Spreadsheets make no difference between a column header and a column value.

------
callum85
I've wanted something like this for years. So many times I've tried to use a
Google spreadsheet to store data, because I needed the web-based UI and mobile
access... but it never works out well, because it's just not a relational
database. Airtable seems to get it right.

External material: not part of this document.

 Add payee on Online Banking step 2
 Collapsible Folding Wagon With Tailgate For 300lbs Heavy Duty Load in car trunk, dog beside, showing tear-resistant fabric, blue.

Also, the API docs being automatically customised per-table is awesome.

------
lifeisstillgood
Kind of ... I think that instant tabulR data of the sort you find in an HDF5
hooked up to distributed backend so my changes and yours are merged managed or
thrown seems the likely "future" solution. If that's anything like aorta me
please shout details

------
noir-york
Can/will airtable support pivot tables?

I love Excel - I wonder how it was possible to analyse a business before it
came along - and the primary reason is pivot tables. Pivot tables are an
awesome tool.

It should be possible to replicate pivot table functionality using SQL
semantics.

------
bliti
When this says generation, what time frame are they referring to? I've been
reading about this sort of thing for the last twenty years. Hasn't happened.
What has happened is people asking for more spreadsheet integrations.

------
kyllo
What drives me crazy is spreadsheets as a reporting / BI tool. Just because
Excel does graphs and charts, and everyone knows how to use Excel, the result
is that everyone only knows how to make graphs and charts in Excel.

------
perfunctory
Looks like it doesn't support any kind of "group by" functionality.